A PROFESSIONAL PHONE HACKER has dropped a bombshell into the trial of the journalists employed at Rupert Murdoch’s British newspapers.
Daniel Evans was a reporter on the News of the World and the Sunday Mirror newspapers. He is the first journalist in the first trial to confess openly to his hacking work, effectively offering his information as Queen’s Evidence, allowing him to avoid prosecution.
Hacking into private telephones was a “fairly standard tool” tool used in British newspapers, he told the jury in the Old Bailey courtroom.
He had been taught the tricks of the hacking trade by another journalist.
The News of the World had made several attempts to persuade Evans to leave the Sunday Mirror and work for Rupert Murdoch.

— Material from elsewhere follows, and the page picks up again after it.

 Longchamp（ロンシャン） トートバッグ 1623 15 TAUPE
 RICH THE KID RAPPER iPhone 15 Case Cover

Murdoch’s News of the World editor, Andy Coulson, invited him to breakfast at a London Hotel. He told Coulson he had learned all the secrets of how to intercept various forms of private communications.

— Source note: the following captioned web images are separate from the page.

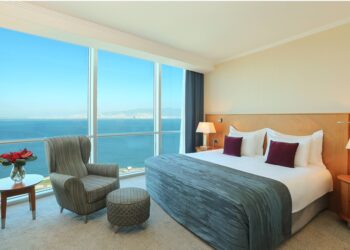 Wyndham Rewards dünyada 100 milyon üye sayısına ulaştı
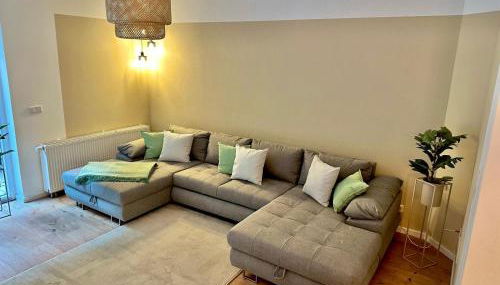 Haus am Wald mit Whirlpool, Garten, Kamin und voll ausgestatteter Küche - Foto 4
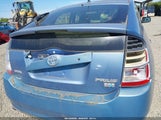 TOYOTA PRIUS JTDKB20U540109710 снимка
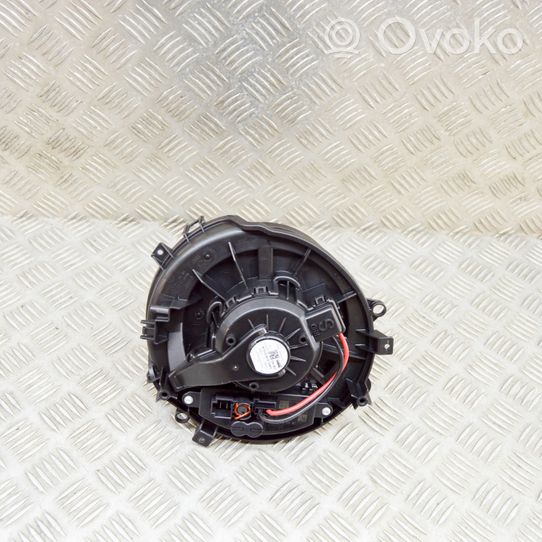 Audi Q2 - Ventola riscaldamento/ventilatore abitacolo T72368C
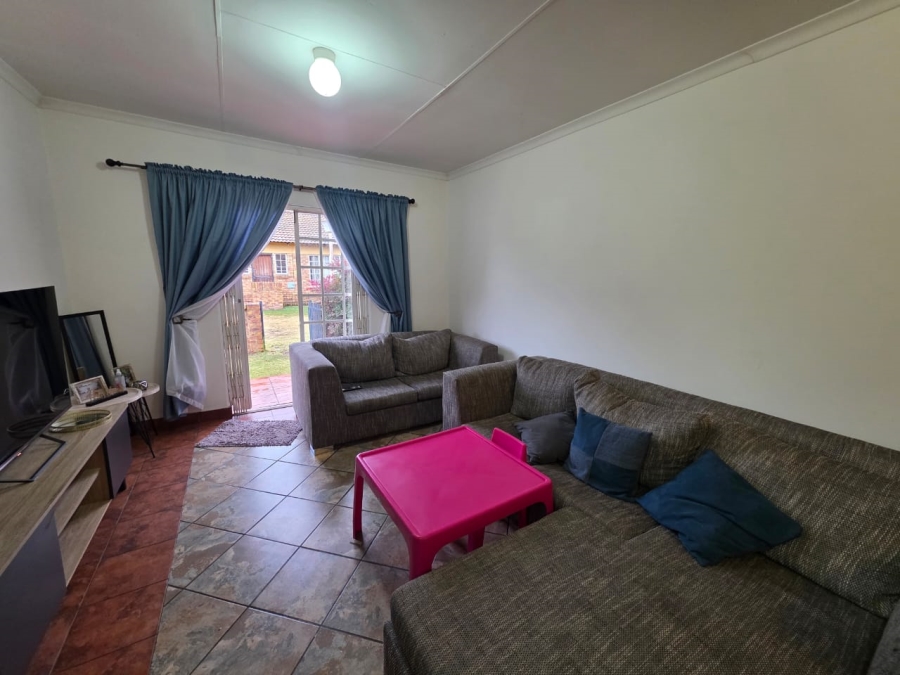 2 Bedroom Property for Sale in Vaalpark Free State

“I have all this information stored in my head,” he said.
He told Coulson how he had a long list of hacking targets, storing their pin numbers in his private files.
Said Evans:
“I can do anything with any phone.”
Coulson made him an offer he could not refuse and he switched from the Sunday Mirror to the News of the World. From then on he spent every working day hacking into phones for the Murdoch newspapers.
Coulson went on to become the communications director in the office of British Prime Minister David Cameron.
Daniel Evans’ courtroom evidence thrown a new light on Rupert Murdoch’s continued refusal to admit he had any knowledge of what was going on inside his newspapers.
The evidence building up step by step in the Old Bailey courtroom is ridiculing Murdoch’s claims of innocence and ignorance. There are still months to go before all the charges against company employees and heard and more is bound to come out.
The evidence given by Daniel Evans leaves another significant hole in Murdoch’s claims that nobody ever told him anything.